Cette année nous avons fort à faire. Il y a plusieurs bonnes équipes. Normalement, il y a toujours trois équipes qui sortent du lot. C’est toujours Servette, Lausanne et Sion à cet âge-là. Cette année c’est de nouveau le cas, mais il faut rajouter Fribourg et Young Boys. Il y a cinq équipes qui se tiennent de très près. C’est très bien pour le championnat et cela donne des matchs intéressants.

Quel est votre mot d’ordre dans les vestiaires, cette année ?
Ce qui est important à cet âge c’est la concentration. C’est d’ailleurs souvent un problème. Pour moi, lorsqu’on rentre dans les vestiaires, c’est comme si l’on rentrait dans une église. On commence déjà à se concentrer et à penser au match. Je leur dis souvent que la concentration ce n’est pas de la crispation. La concentration et l’envie de bien faire peuvent être compatibles avec le plaisir et la progression. Le maître mot dans les vestiaires, c’est la concentration sur les objectifs à atteindre, qu’ils soient individuels ou collectifs.

Dans quel état d’esprit sont vos joueurs en ce début de saison ?
Au début ils ont eu un peu de peine à s’adapter au football d’élite. C’était nouveau par rapport à la discipline et la rigueur. Maintenant, gentiment, ils s’y mettent. Il y a un très bon état d’esprit. Ils ont envie d’apprendre, ils sont curieux. Je suis très content de l’état d’esprit et de l’engagement des joueurs.

Est-ce une fierté pour vos joueurs de porter le maillot grenat ?
J’espère ! J’espère qu’ils sont conscients de la chance qu’ils ont d’être déjà dans un club de pointe avec une bonne formation. Mais je crois qu’ils en sont conscients et qu’ils sont fiers de porter ce maillot. En tout cas, moi je suis quelqu’un de clubiste, j’adore la couleur grenat et je ne manque jamais une occasion de leur rappeler qu’ils doivent être fier de porter le maillot du Servette FC, l’un des plus grands clubs de notre pays, peut être le plus connu à l’étranger.

Quel message souhaitez-vous faire passer aux jeunes qui peuvent lire cette interview ?
J’ai envie de leur dire trois choses. La première, c’est d’être patient. Parfois c’est difficile de constater que l’on joue un peu moins que d’autres. Je leur dis toujours que la roue va tourner et qu’il faut s’armer de patience et beaucoup travailler.

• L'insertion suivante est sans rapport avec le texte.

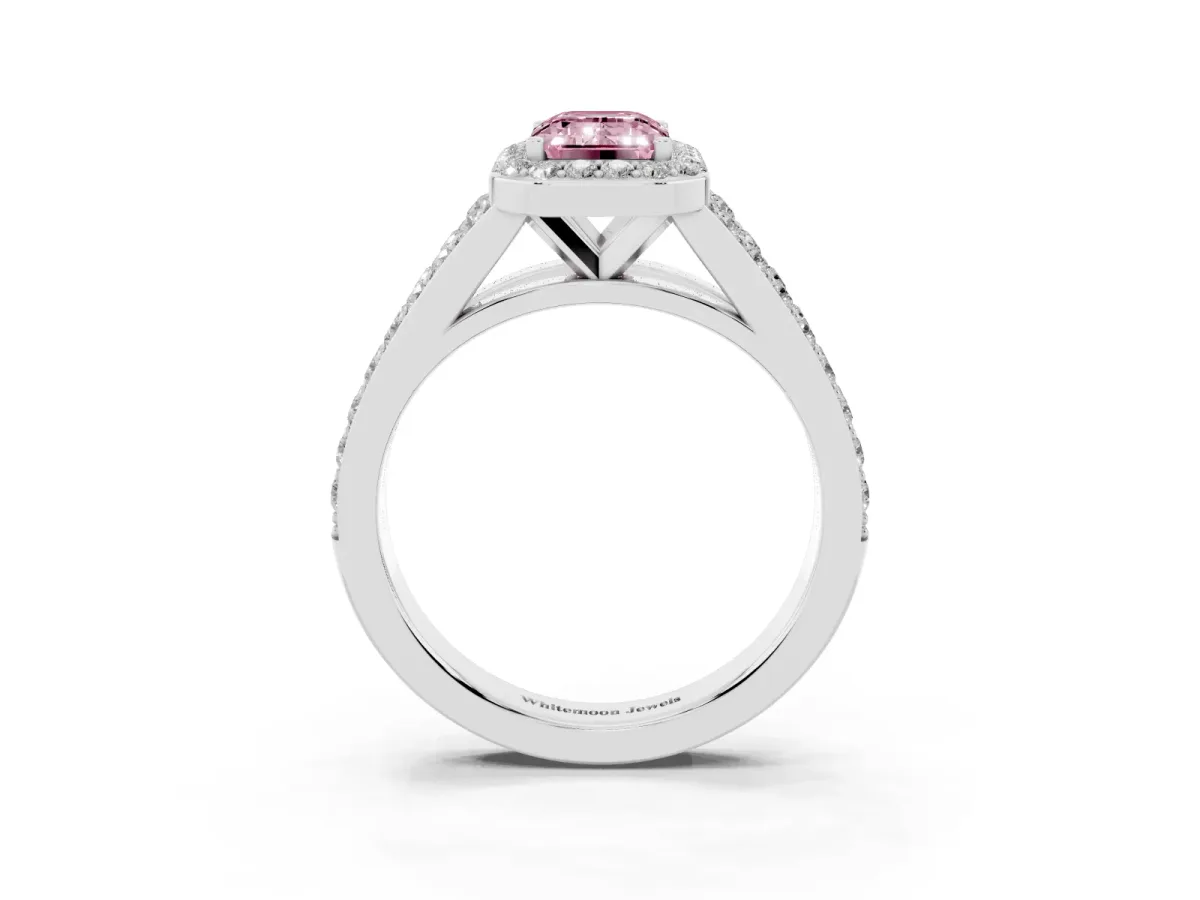 Fancy Pink Emerald Cut Diamond Split Shank Halo Ring with Four-Prong Setting Silver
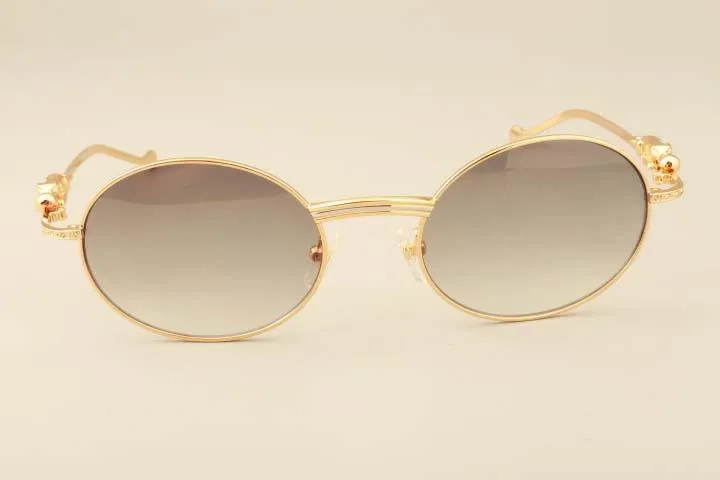 2019 nouvelles lunettes de soleil léopard doré 6384083 lunettes de soleil diamant de haute qualité rétro rond plein cadre taille 55 -22-135mm234M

Le deuxième message, c’est d’essayer d’avoir la formation la plus complète possible. Il faut penser à l’école, penser à sa stabilité au niveau intellectuel, et assurer l’avenir en suivant une bonne scolarité.

Et puis, mon troisième message, c’est que les garçons doivent se faire plaisir, profiter au maximum de cette formation sportive de pointe, qui d’ailleurs leur apportera beaucoup pour leur future vie d’adultes.